Given information>
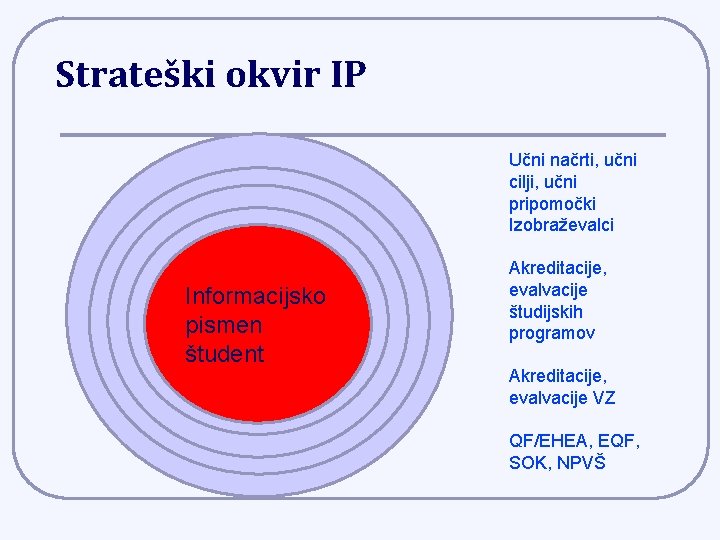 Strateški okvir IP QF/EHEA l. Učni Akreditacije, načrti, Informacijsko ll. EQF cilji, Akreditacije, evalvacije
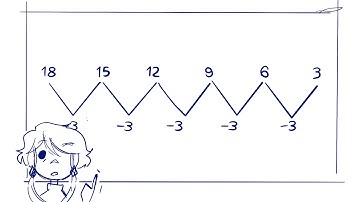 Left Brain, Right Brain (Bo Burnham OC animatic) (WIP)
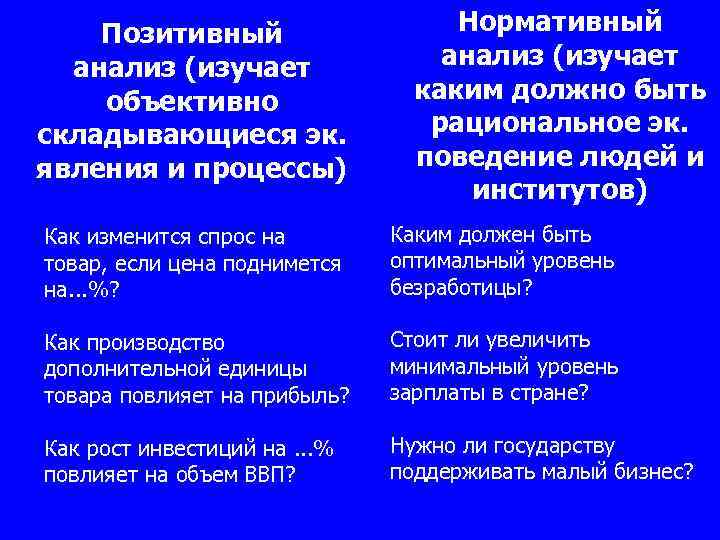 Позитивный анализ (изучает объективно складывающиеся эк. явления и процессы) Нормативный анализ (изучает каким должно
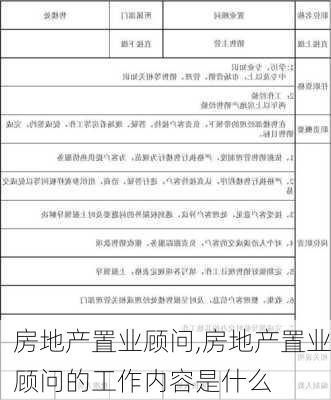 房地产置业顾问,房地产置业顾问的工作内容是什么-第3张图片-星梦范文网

What to produce>
Could you copy the listing exactly, leaving out any pictures?

Response to this exercise>
 Strateški okvir IP QF/EHEA l. Učni Akreditacije, načrti, Informacijsko ll. EQF cilji, Akreditacije, evalvacije
 Left Brain, Right Brain (Bo Burnham OC animatic) (WIP)
 Позитивный анализ (изучает объективно складывающиеся эк. явления и процессы) Нормативный анализ (изучает каким должно
 房地产置业顾问,房地产置业顾问的工作内容是什么-第3张图片-星梦范文网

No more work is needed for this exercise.